(Exercise goal):
Scan the records for "with". Report each line that includes it.

═══ Records supplied

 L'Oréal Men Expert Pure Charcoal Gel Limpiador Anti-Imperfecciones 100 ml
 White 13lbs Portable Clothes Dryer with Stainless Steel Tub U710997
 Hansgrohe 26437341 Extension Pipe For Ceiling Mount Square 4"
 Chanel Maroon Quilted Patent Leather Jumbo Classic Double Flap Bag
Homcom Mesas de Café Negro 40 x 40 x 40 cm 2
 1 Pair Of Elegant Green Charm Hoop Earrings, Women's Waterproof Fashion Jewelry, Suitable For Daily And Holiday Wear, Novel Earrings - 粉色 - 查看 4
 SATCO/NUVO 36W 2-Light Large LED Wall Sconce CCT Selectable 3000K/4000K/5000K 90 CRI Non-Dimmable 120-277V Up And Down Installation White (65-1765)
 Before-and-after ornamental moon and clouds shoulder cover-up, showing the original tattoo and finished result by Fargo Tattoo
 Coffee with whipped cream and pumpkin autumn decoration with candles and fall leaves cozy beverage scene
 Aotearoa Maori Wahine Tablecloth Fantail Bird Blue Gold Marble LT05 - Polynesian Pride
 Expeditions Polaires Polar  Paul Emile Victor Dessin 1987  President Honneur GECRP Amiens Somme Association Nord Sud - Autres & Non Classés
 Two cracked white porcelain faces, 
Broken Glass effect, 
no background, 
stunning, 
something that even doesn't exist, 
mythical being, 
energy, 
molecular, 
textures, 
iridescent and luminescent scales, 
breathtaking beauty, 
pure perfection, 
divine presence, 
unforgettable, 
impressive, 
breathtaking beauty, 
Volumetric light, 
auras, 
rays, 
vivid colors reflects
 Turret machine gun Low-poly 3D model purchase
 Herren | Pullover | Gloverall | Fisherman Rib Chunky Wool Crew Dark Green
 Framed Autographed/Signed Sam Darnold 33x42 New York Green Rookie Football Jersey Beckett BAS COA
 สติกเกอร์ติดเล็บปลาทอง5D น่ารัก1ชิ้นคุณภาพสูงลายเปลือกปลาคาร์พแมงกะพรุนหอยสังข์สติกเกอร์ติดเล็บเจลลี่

══════

(Written answer):
 White 13lbs Portable Clothes Dryer with Stainless Steel Tub U710997
 Coffee with whipped cream and pumpkin autumn decoration with candles and fall leaves cozy beverage scene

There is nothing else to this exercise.